Scott: First of all, don’t look too early. Understand that if you are really going out and seeking traditional, professional investment that you are going to have to have some metrics. You’re going to have to have at least a MVP of a product, you’re going to find a market where that product is being accepted. You are growing and scaling a business in that market. Whether its users or customers - whatever it is - you have to get to that stage first. How do you get to that stage? Well, you get to that stage by raising money from friends and family, from people who know you. From people that are going to invest in you, because you’re the entrepreneur. They believe in you. Relatives, friends, strategic business partners. A second way to look at that is for people who ultimately will be interested in your product, even though you have no metrics or proof of your product today. They will invest in you because they want your product to hit the market. Might be a strategic investment. Figure out a way - come hook or crook-  to raise that initial capital to where you can develop your product. Find a market place and the other doors will open.

Heidi: From a legal and business stand-point, how do they best position themselves?

Scott: Early stage companies by necessity cut corners, right? You don’t have resources. You’re boot strapping. You’re making promises that you can’t fully document. You can’t always afford lawyers or professional advisers and that’s fine. Do not second guess any of that. You got to where you are, but when you reach that point where you are now ready to go out and find professional capital, it's important to look internally first. That you look at yourself, do the same kind of diligence with yourself that an investor is going to do on you. That way there are no surprises. Figure out capital issues and fix them. Figure out your employment issues and fix them. Figure out your commercial contracts that you have done on a whim and fix them. So that investors don’t look at you and think good concept, but I am not going to take all this risk.

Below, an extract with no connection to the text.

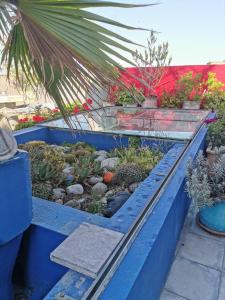 Um jardim no exterior de Bayt Alice Hostel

Heidi: There’s another topic that startups tend to think a lot about but aren't typically fully  educated on - how should they approach valuation and dilution?

Scott: I think that people get hung up on valuation because they have some number set in their mind or they have some experience that they talk about with other entrepreneurs. They think they either have to hang on to a certain percentage of their business or it’s not appropriate to give a certain amount at a certain round. You have to come into a financial transaction with an open mind and understand not just what you’re selling and what you have to give up for that. Also, where you are going and where that money is going to take you? I see entrepreneurs being penny wise and a pound foolish all the time. They think they don’t want to be significantly diluted. They end up throwing a wrench in the negotiation  or they loose a financing deal because they want to hang on to a few points of equity. In reality that money is going to take them so far that they are going to be vast and more valuable. Its a simple proposition of - there’s a pie and you want a piece of that pie. It's much better to own a smaller piece of a gigantic pie than it is to own a big piece of a small pie.

Heidi: Appreciate you for being here and I’m sure we will have you back for other topics some time soon.

Scott: Thanks, looking forward to it.